案例
本案例是处理故障磁盘 /dev/sdh
,先下线磁盘之后,维修替换新磁盘,然后再识别磁盘
df -h
...
/dev/sdg1 1.8T 568G 1.3T 31% /mnt/disk6
/dev/sdh1 1.8T 568G 1.3T 31% /mnt/disk7
/dev/sdi1 1.8T 566G 1.3T 31% /mnt/disk8
...
卸载磁盘方法
- 首先将文件系统卸载
sudo umount /mnt/disk7
- 此时已经可以安全拔掉故障磁盘
/dev/sdh
了。不过,为了更为小心些,可以执行以下命令,将磁盘设备从内核中注销掉
echo 1 > /sys/block/sdh/device/delete
上述步骤可以确保当拔除磁盘/dev/sdh
时没有进程在使用该设备。此时你会听到磁盘磁头停止(park)的声音,此时内核已经告知磁盘准备断电。
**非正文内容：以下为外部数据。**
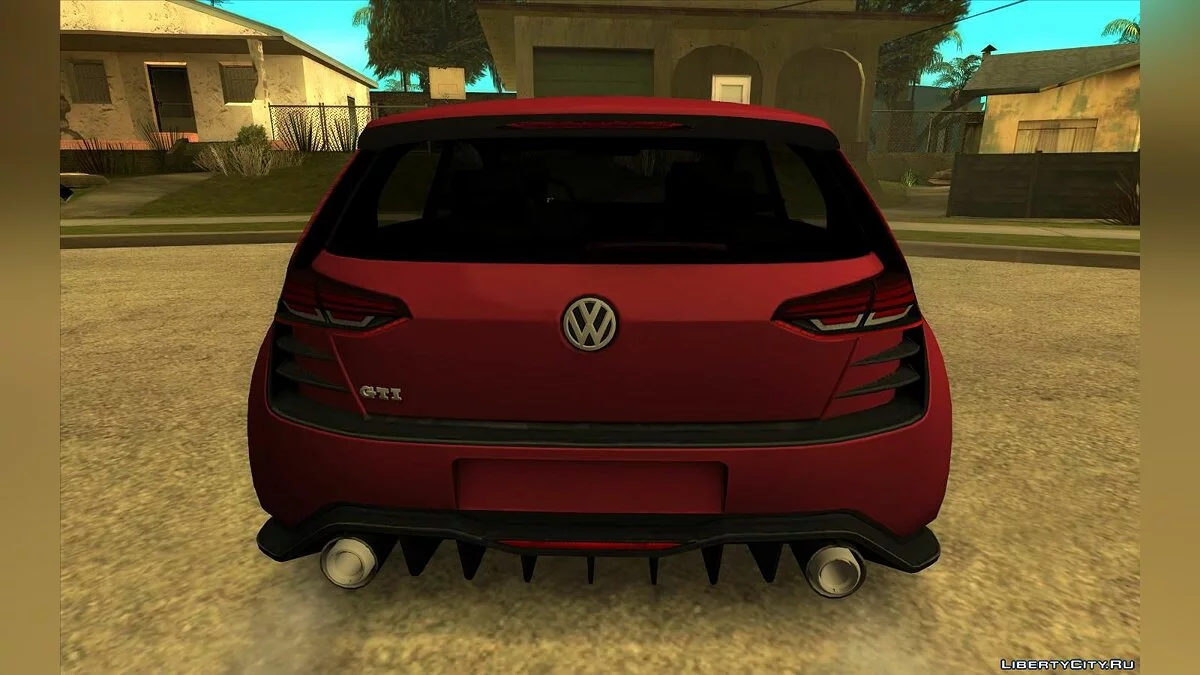 大众高尔夫设计愿景GTI / GTA San Andreas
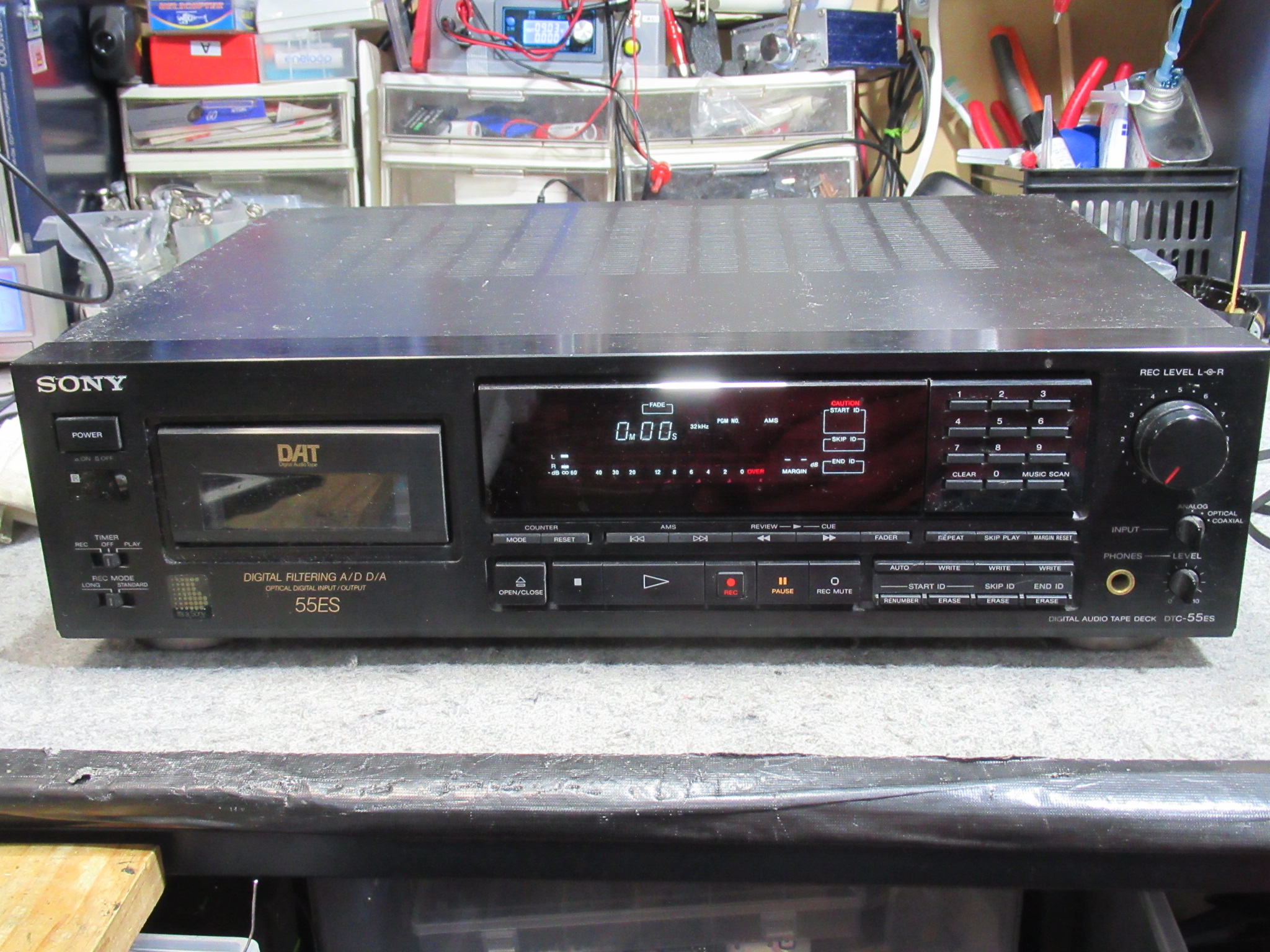 SONY DTC-55ES プラスチックギヤ破損ほか – Audiolife － Enjoy your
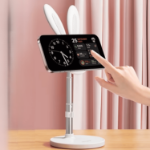 Magnetyczny stojak MagSafe królik regulowany 10–22 cm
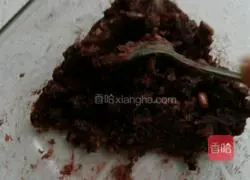 Illustration of how to make bean paste cake 2
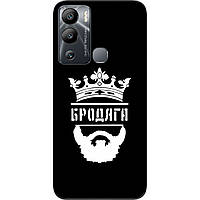 Силіконовий чохол Epik для Infinix Hot 12i з картинкою Бродяга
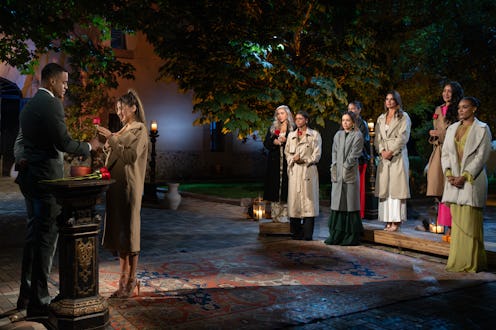 Grant and his Bachelor cast. Photo via ABC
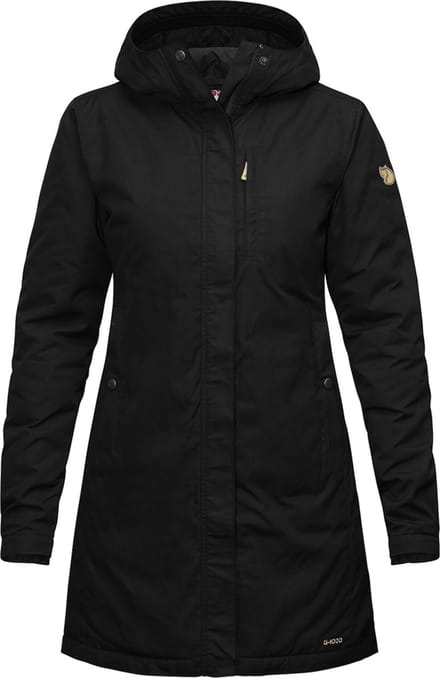 FJALLRAVEN Kiruna padded parka W 89644 550 black XXL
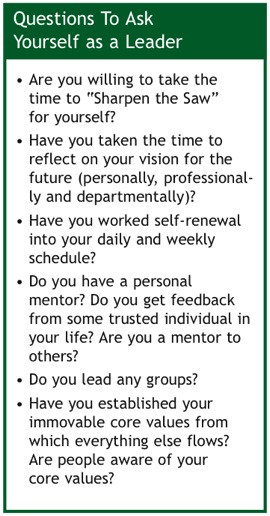 sharpen the saw quotes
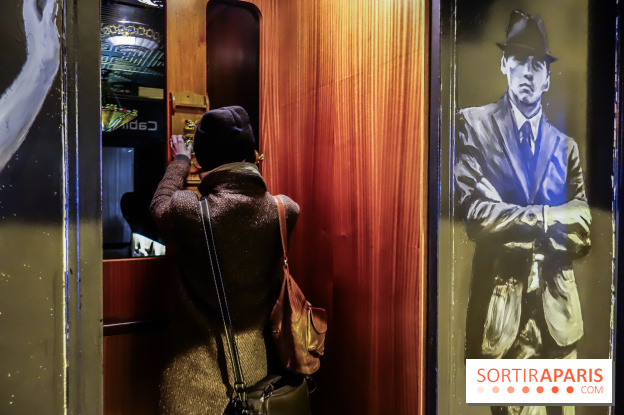 Mobster Bar à Paris : le speakeasy comme à l'époque de la Prohibition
如果你使用的是AHCI控制器,它可以自行处理设备拔出响应操作,所以会非常顺畅。
识别新添加的磁盘
当新磁盘插入,需要在操作系统中扫描识别磁盘。
检查磁盘
$sudo lsscsi
...
[0:0:6:0] disk ATA WDC WD2000FYYZ-0 1K01 /dev/sdg
[0:0:8:0] disk ATA WDC WD2000FYYZ-0 1K01 /dev/sdi
...
[0:0:12:0] enclosu LSI CORP Bobcat 0800 -
可以看到磁盘添加以后并没有被识别出来,没有找到新磁盘。
- 强制SCSI BUS扫描和发现设备
要明确知道自己的设备SCSI BUS编号,可以使用如下命令 - 参考[Rescanning your SCSI bus to see new storage](https://blogs.it.ox.ac.uk/oxcloud/2013/03/25/rescanning-your-scsi-bus-to-see-new-storage/)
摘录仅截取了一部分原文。